The task >> Return the data below exactly, but only from the line containing "350g each Baya" through the line containing "Vintage Vintage 90s", with both of those lines included.

Start of Provided material

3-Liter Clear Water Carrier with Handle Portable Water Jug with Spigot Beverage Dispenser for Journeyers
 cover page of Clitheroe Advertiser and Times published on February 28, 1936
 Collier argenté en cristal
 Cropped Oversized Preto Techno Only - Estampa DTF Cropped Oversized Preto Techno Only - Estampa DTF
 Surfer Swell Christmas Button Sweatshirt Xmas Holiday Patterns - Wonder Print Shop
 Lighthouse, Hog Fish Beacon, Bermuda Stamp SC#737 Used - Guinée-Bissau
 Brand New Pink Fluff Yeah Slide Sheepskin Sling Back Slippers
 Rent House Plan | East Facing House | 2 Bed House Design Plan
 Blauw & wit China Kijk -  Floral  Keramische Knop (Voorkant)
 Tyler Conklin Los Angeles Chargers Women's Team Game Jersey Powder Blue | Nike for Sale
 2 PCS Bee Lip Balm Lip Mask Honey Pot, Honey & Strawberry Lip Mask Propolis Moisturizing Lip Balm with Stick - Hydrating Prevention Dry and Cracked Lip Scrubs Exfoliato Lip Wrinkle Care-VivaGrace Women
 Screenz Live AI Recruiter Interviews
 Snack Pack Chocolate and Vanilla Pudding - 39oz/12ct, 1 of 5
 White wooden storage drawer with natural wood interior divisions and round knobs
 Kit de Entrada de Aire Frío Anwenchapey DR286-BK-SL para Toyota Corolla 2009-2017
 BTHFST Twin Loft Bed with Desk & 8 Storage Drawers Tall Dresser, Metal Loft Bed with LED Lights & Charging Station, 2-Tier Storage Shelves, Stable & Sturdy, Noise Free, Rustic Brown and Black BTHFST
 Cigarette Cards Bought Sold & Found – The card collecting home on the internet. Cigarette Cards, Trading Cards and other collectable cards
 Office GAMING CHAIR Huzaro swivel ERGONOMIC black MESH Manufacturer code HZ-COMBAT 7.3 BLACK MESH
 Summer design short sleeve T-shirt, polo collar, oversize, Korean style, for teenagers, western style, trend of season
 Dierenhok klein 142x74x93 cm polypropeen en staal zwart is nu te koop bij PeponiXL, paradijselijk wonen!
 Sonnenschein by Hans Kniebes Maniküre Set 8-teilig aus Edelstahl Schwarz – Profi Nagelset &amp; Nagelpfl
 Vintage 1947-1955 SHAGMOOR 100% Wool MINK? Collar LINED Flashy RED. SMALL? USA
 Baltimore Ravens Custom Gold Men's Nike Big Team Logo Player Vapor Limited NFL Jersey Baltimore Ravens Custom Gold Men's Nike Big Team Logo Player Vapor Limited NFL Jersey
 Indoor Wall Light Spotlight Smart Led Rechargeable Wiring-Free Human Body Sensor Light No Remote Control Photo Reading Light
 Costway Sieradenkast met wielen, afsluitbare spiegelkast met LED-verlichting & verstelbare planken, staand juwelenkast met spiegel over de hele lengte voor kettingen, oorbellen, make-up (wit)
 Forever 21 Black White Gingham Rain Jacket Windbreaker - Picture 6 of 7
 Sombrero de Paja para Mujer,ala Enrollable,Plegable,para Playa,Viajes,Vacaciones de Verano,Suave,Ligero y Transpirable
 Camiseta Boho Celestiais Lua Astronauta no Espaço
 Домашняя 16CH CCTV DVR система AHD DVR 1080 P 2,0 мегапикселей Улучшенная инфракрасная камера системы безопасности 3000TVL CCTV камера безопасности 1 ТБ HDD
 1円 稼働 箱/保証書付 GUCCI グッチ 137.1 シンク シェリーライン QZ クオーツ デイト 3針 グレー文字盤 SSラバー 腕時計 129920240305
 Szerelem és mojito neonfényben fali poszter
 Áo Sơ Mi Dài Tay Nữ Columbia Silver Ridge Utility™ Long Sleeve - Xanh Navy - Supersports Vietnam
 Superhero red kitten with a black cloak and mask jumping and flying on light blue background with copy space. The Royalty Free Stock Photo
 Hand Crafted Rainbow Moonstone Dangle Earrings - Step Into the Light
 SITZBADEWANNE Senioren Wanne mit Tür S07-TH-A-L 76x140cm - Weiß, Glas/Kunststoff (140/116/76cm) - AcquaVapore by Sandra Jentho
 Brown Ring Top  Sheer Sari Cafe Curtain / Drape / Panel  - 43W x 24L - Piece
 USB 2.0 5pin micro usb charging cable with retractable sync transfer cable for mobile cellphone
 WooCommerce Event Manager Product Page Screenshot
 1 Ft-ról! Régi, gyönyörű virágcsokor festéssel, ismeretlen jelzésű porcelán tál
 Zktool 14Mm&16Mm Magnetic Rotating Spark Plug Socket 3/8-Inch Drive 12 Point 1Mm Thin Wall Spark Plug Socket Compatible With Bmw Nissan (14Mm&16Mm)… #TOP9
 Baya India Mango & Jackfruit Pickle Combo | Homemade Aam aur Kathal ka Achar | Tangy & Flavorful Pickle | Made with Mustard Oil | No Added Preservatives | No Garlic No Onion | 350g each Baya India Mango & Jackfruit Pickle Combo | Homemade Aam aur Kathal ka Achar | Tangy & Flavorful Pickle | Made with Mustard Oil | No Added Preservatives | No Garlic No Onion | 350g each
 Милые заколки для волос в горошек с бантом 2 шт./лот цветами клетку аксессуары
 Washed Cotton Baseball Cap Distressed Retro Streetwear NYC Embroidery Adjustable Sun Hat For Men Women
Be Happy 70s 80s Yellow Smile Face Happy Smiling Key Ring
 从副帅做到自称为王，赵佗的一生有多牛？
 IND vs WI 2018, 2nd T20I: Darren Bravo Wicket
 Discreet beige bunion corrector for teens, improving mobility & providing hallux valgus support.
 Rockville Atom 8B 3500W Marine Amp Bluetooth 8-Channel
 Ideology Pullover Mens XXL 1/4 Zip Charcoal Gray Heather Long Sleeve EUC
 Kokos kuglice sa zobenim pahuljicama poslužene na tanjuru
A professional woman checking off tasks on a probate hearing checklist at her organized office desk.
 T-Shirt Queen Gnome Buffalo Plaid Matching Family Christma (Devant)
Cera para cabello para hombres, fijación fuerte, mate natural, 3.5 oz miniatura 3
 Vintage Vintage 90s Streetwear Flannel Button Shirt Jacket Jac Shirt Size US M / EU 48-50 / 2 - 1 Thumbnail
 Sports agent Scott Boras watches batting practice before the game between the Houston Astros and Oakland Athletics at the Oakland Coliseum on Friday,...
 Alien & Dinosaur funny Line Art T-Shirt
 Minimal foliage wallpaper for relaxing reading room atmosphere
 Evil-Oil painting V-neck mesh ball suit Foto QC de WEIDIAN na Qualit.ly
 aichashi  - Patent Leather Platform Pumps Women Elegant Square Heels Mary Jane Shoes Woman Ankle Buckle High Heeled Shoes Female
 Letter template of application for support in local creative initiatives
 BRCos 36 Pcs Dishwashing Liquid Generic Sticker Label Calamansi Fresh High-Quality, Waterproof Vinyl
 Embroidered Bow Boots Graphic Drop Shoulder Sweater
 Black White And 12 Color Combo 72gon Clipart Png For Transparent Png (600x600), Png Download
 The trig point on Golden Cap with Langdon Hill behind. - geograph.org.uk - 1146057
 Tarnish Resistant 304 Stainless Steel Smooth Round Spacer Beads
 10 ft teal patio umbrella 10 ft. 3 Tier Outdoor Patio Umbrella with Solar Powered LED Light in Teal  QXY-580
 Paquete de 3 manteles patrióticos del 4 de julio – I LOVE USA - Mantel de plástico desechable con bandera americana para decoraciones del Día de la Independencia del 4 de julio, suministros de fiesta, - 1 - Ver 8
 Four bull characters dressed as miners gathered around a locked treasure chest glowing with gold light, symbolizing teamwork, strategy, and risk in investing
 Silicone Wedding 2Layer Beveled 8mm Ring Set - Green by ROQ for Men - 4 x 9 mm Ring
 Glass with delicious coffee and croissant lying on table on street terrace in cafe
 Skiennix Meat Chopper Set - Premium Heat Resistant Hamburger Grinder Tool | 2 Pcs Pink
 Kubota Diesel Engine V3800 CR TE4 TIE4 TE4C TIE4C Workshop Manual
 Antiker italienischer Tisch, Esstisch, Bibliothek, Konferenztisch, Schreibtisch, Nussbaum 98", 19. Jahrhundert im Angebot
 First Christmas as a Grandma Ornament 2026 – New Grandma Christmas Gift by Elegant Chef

End of Provided material

Output below >>
 Baya India Mango & Jackfruit Pickle Combo | Homemade Aam aur Kathal ka Achar | Tangy & Flavorful Pickle | Made with Mustard Oil | No Added Preservatives | No Garlic No Onion | 350g each Baya India Mango & Jackfruit Pickle Combo | Homemade Aam aur Kathal ka Achar | Tangy & Flavorful Pickle | Made with Mustard Oil | No Added Preservatives | No Garlic No Onion | 350g each
 Милые заколки для волос в горошек с бантом 2 шт./лот цветами клетку аксессуары
 Washed Cotton Baseball Cap Distressed Retro Streetwear NYC Embroidery Adjustable Sun Hat For Men Women
Be Happy 70s 80s Yellow Smile Face Happy Smiling Key Ring
 从副帅做到自称为王，赵佗的一生有多牛？
 IND vs WI 2018, 2nd T20I: Darren Bravo Wicket
 Discreet beige bunion corrector for teens, improving mobility & providing hallux valgus support.
 Rockville Atom 8B 3500W Marine Amp Bluetooth 8-Channel
 Ideology Pullover Mens XXL 1/4 Zip Charcoal Gray Heather Long Sleeve EUC
 Kokos kuglice sa zobenim pahuljicama poslužene na tanjuru
A professional woman checking off tasks on a probate hearing checklist at her organized office desk.
 T-Shirt Queen Gnome Buffalo Plaid Matching Family Christma (Devant)
Cera para cabello para hombres, fijación fuerte, mate natural, 3.5 oz miniatura 3
 Vintage Vintage 90s Streetwear Flannel Button Shirt Jacket Jac Shirt Size US M / EU 48-50 / 2 - 1 Thumbnail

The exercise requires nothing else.